In clean products, there are signs of underlying fundamental strength in the market that should ensure the oil complex remains supported from these levels now into year-end no matter what the outcome of the OPEC+ discussions are. Gasoline has surprised with its stubborn push higher, Naphtha has bounced back from the dead, and Distillate markets suddenly look too cheap versus other fractions of the barrel.

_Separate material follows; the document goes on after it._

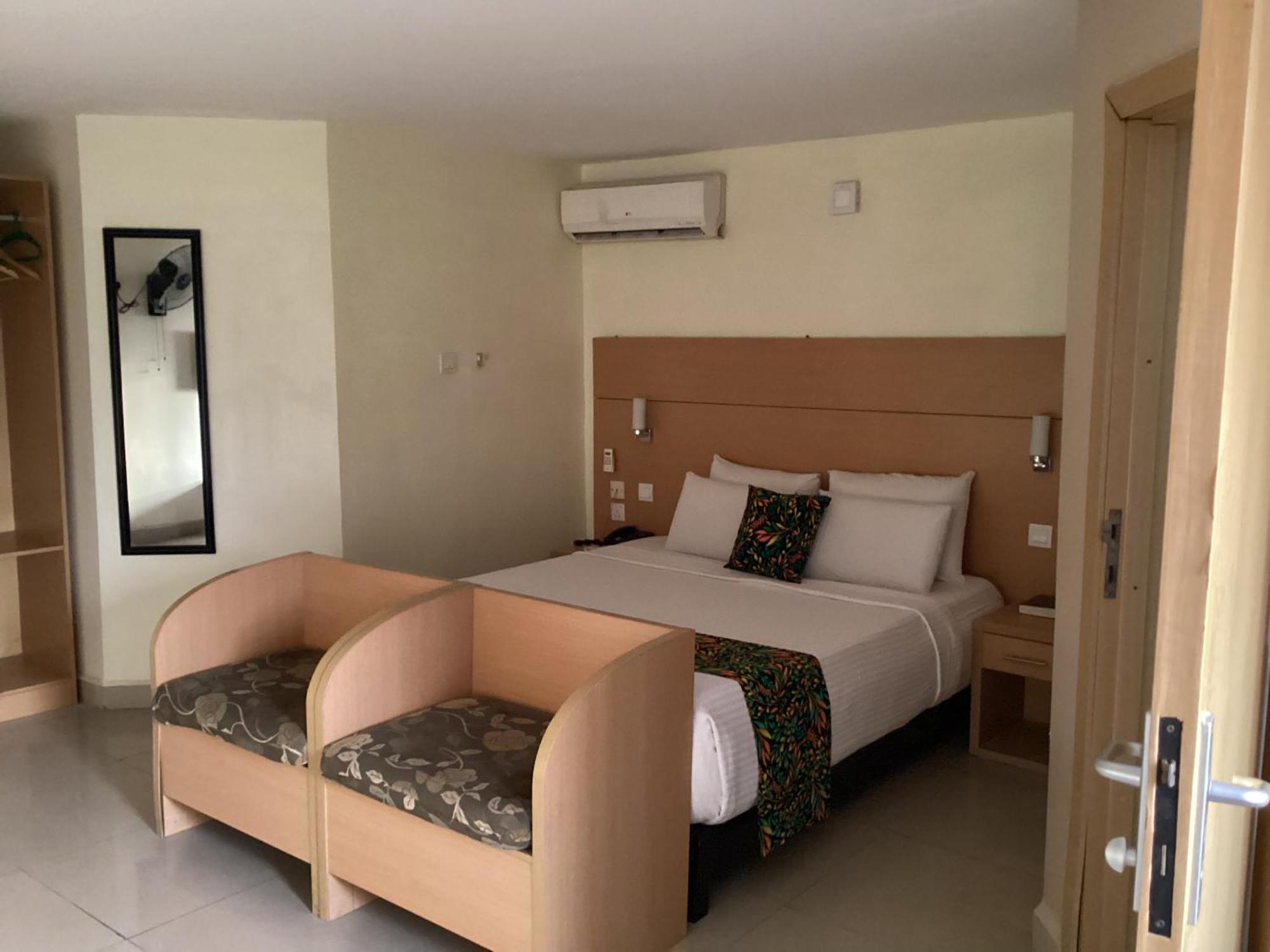 Adis Hotels Ibadan Dış mekan fotoğraf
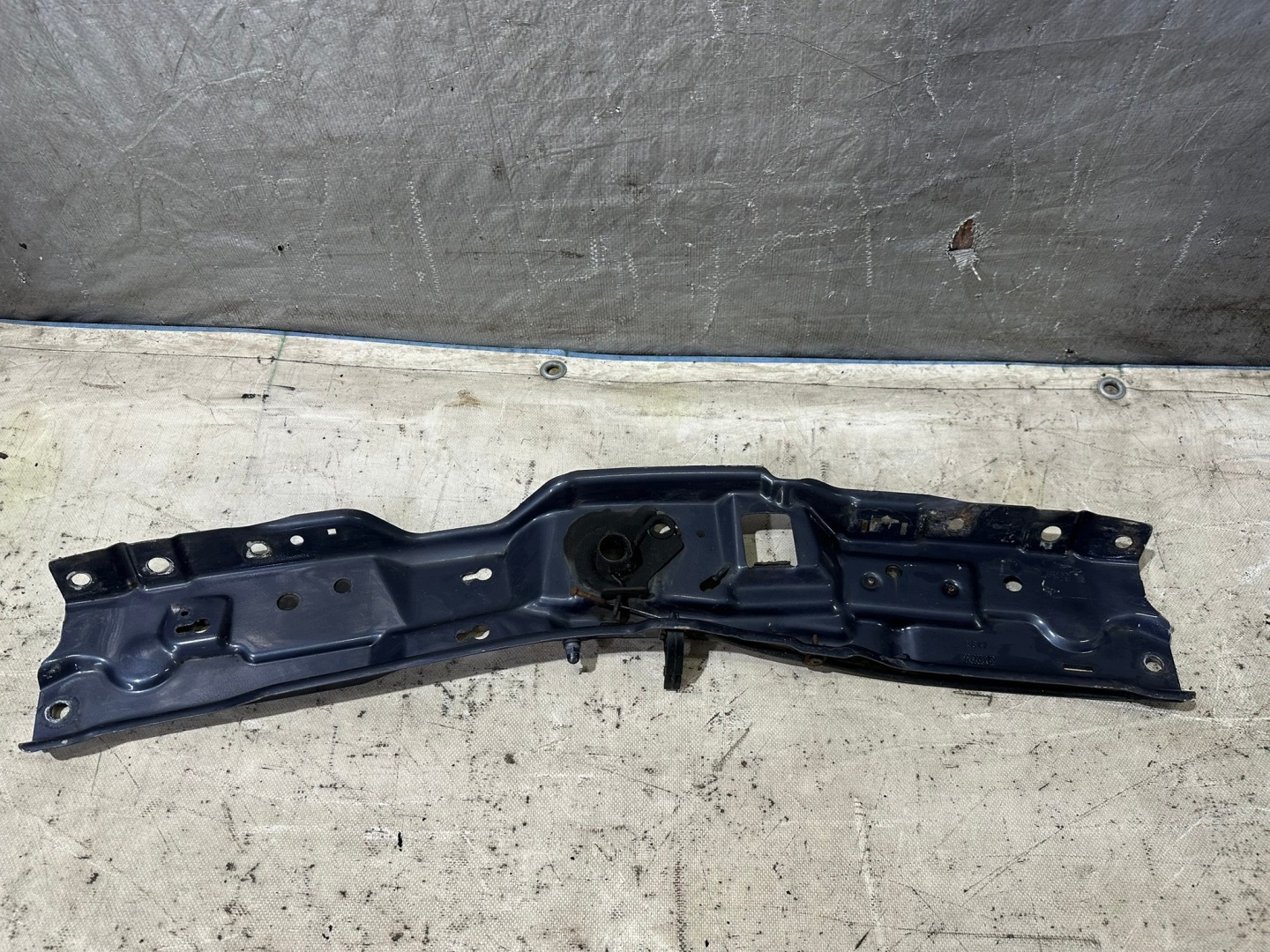 support panel for radiators pillar upper 93301873 OPEL MERIVA A 2006R. K: Z168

Gasoline rebounded handsomely from its mid-October lows. Dec/Jan Ebob has rallied from virtually flat to +$8.00/MT, while the Dec Ebob Crack has bounced $5/bbl from its lows. This is a big support for European margins and will ensure that refineries remain incentivised to run and produce light ends into the winter months. Naphtha has also enjoyed somewhat of a renaissance albeit from very low levels, with winter spreads in ARA now solidly backward, following a spike in the strength of Eastern Naphtha markets.
Distillates had a relatively tepid month by their standards, with time structure overall weakening under the weight of the crude sell off and December cracks seesawing mainly between $26/bbl and $29/bbl. Light ends have outperformed in recent weeks, however as we have said all year stock levels are just too low for distillates to weaken meaningfully, particularly with winter on the horizon.
While ARA gasoil stocks have built a smidge, the strength in the NWE CIF markets should ensure the pricing centre receives only essential re-supply volume in December as inbound cargos have more profitable markets to go to. High sulphur gasoil, although increasingly illiquid on paper, is also an area to keep an eye on. We have seen an uptick in the buying interest for 0.1% Barges and 0.1% CIF Med, which will eventually be another support for diesel. Jet is also now trading over diesel in NWE and Singapore which will incentivise refiners to maximise Jet make, further reducing diesel supply over the next few months.